Public Enemies centers around the capture of John Dillinger, a notorious bank robber who, during the great depression, became known for robbing banks, killing police officers and escaping prison (twice). The movie picks up well into Dillinger’s bank robbing career just prior to the time when he’s killed. Dillinger is portrayed as suave, confident, organized and admired by those around him (he was thought of as a Robin Hood of sorts). He’s consistently on the run and hiding out as he’s wanted on a federal level for his crimes all which took place during the development of the FBI headed up by J. Edgar Hoover.

Michael Mann is at the helm on this one both directing and contributing to the screenplay.

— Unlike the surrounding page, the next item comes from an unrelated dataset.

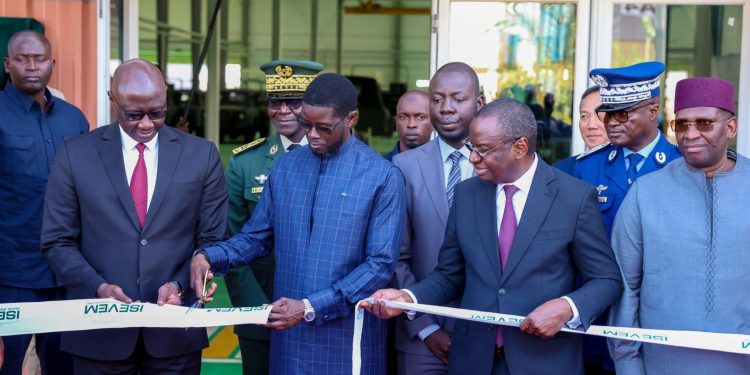 Diamniadio : le Sénégal inaugure sa première usine d’assemblage de véhicules militaires tactiques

The screenplay is pretty well written with much of the emphasis placed on Dillinger, his exploits and escapes in addition to Dillinger’s relationship with his girlfriend, Billie Frechette. Unfortunately the story falls a bit short in terms of character development but keeps things moving with action and some controversy with an FBI subplot in the background. This was a time before the internet, cell phones, etc., so tracking down criminals was much harder which made Dillinger’s rampage a bit of an embarrassment for the police and the government. The FBI’s formation and their efforts to catch Dillinger add a nice dynamic to the film and while this helps make up for some of the slack, it’s also one of the contributing factors to not having enough time for character development.

There’s some great talent in here with Johnny Depp playing John Dillinger, Billy Crudup as J. Edgar Hoover, Christian Bale portraying Melvin Purvis (the man who brought down Dillinger) and Marion Cotillard as Billie Frechette. The cast is rounded out by Giovanni Ribisi, Stephen Dorff, Leelee Sobieski, Stephen Lang and others. All the talent give solid performances, unfortunately the only one that gets to really get his hands into his character is Depp as the others get some on screen time but not really enough to appreciate the depth of the person they’re portraying. Crudup as Hoover is one of the more compelling performances but Bale doesn’t really get to assert himself that much with Purvis as his on screen segments are kind of short and on the move. Same goes with most of the other characters as the focus lies mainly on Depp’s Dillinger.

The visual style is interesting since Michael Mann has fully embraced high-def in lieu of film, which gives the movie a more “real life” quality, almost documentary-ish. This style tends to make you feel a bit more like you’re there rather than being removed watching in your living room. The set and costume design are spot on with the 1930’s time period; it’s especially impressive considering the scale of this project.

The movie is a little long (140 minutes) but for the most part goes by at a good pace. If you’re into historical/period piece movies and can appreciate gangster films, you should give this one a try.